Cuota adicional al cumplir mas de 65 o 70 años:
En principio, el no informar en el momento de la contratación el incremento futuro de la cuota resultaría una forma de eludir un elemento que es esencial para la existencia del contrato como lo es la determinación del precio. Por otra parte debe considerarse que, a partir de determinada edad, la mayoría de las empresas que brindan este servicio rechazan la solicitud de ingreso del afiliado, razón por la cual un aumento excesivo o desconocido por el particular al momento de la edad referida podría resultar una exclusión abusiva.
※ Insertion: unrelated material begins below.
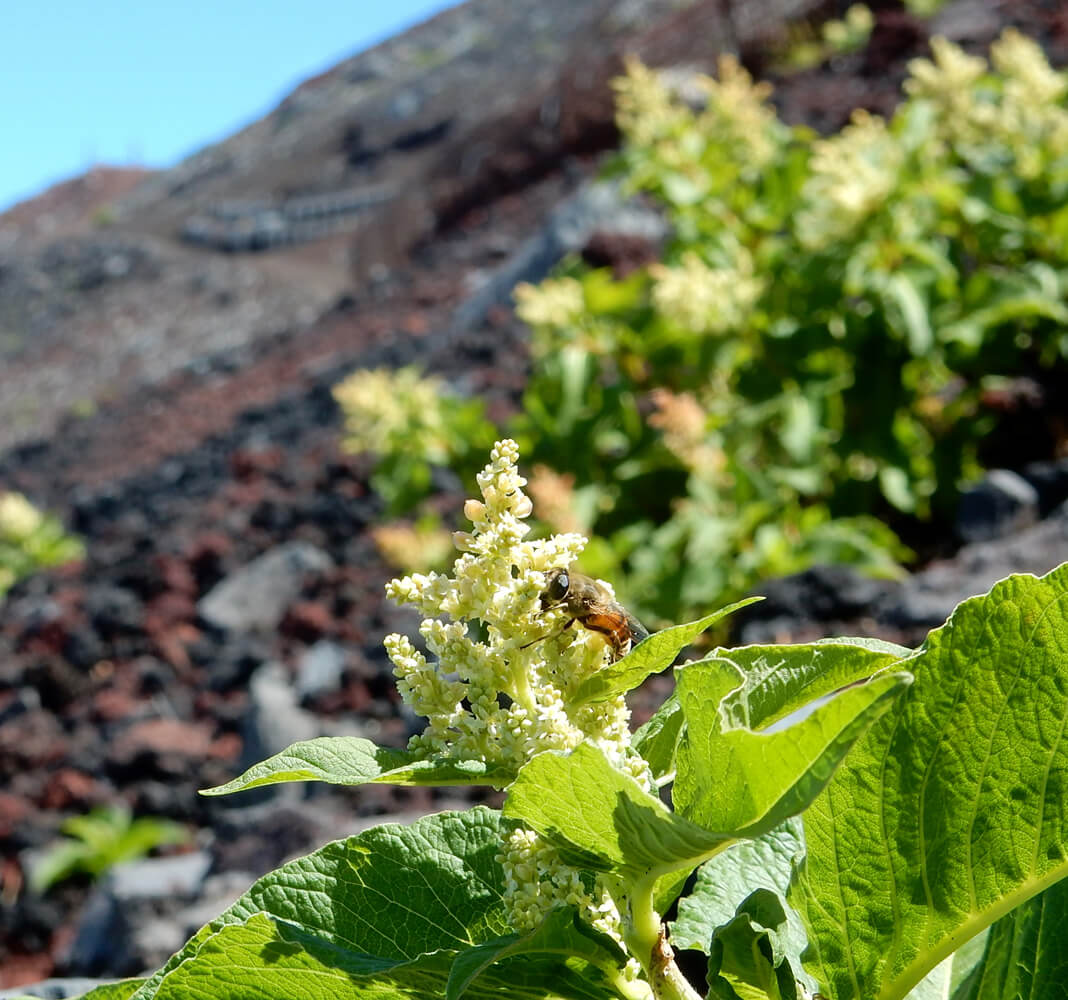 富士登山だけじゃない！夏の五合目で植物観察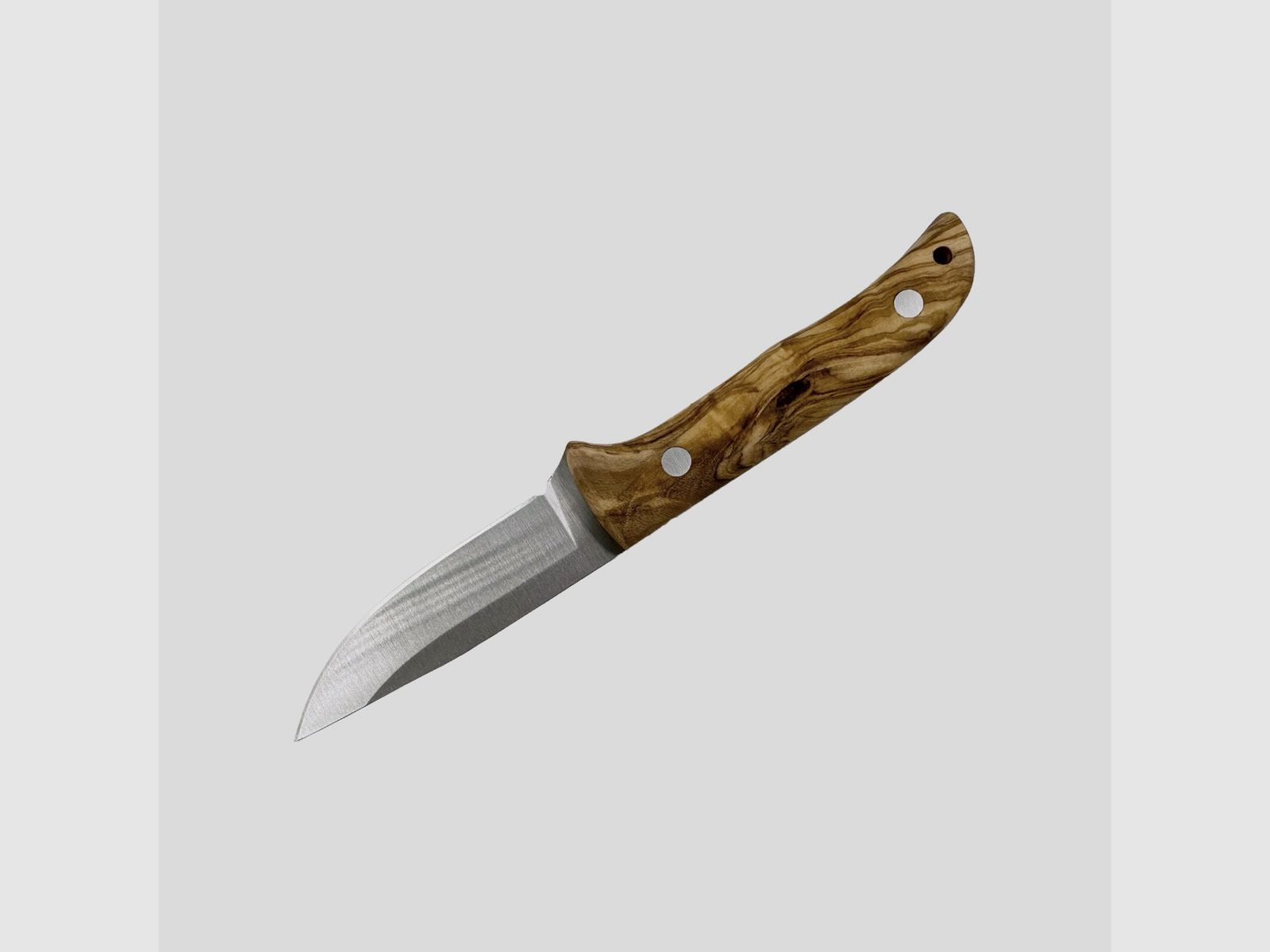 Miguel Nieto – Coyote 1058, Bild 2 von 3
Falta de firma del usuario en los contratos:
Al no requerir la firma del afiliado para su concreción, la empresa podría estar incumpliendo el deber de información en forma veraz, eficaz y adecuada, conforme al art. 4º de la ley 24.240.

Conformidad:
"El solicitante declara que ha leído el Reglamento con atención, entendiendo y aceptando todos sus términos y que a su entender es verídico preciso y completo". En este sentido consideramos que la cláusula en análisis podría resultar abusiva, en tanto hace aparecer al usuario reconociendo determinados hechos imposibles de comprobar con la sola lectura de un reglamento (la veracidad, precisión y lo completo del mismo), y que en el futuro podría restringir la defensa de su derecho en un eventual conflicto.

Limitaciones a la responsabilidad de la prestadora:
"Dado que la prestadora brinda su servicio a través de terceros profesionales o entidades, ésta no se responsabiliza por los daños que el accionar de dichos profesionales o entidades pudieran producir en los asociados". En los planes cerrados, resultaría abusiva a tenor de lo estipulado en el art. 37, inc. a), de la ley 24240, en cuanto la prestadora pretende eximirse de responsabilidad por un servicio en el cual ella elige los profesionales o entidades adheridas y por lo tanto debe responsabilizarse.

Modificación unilateral de los servicios:
Resultaría abusiva en cuanto la modificación de las condiciones contractuales sin derecho a resarcimiento implicaría otorgar una irritante ampliación de los derechos de la prestadora en desmedro de los afiliados. No remedia tal situación el derecho a renunciar que se le otorga, puesto que el mismo implica la pérdida de antigüedad y eventuales perjuicios para el ingreso a otra prestadora.

Rescisión sin expresión de causa:
En cuanto autoriza a las partes a rescindir el contrato, en cualquier momento y sin expresión de causa. Resultaría abusiva dado que no es posible poner en un plano de igualdad al adherente y a la empresa respecto de las consecuencias de la ruptura contractual; a la prestadora esta situación podría significarle sólo la pérdida de uno de sus cientos o miles de afiliados, en cambio, para el afiliado, podría implicar la pérdida de cobertura en un momento de extrema necesidad, la imposibilidad de acceder a otra cobertura por mayoría de edad, enfermedad, embarazo, etc., o, en el mejor de los casos, la pérdida de la antigüedad obtenida.

Además se aclara que la Secretaría de Defensa de la Competencia y del Consumidor no aprueba contratos de adhesión, sino que tiene atribuciones para vigilar que los mismos no contengan cláusulas abusivas, conforme los criterios previstos en el artículo 37 de la Ley N° 24.240 de la que es autoridad de aplicación.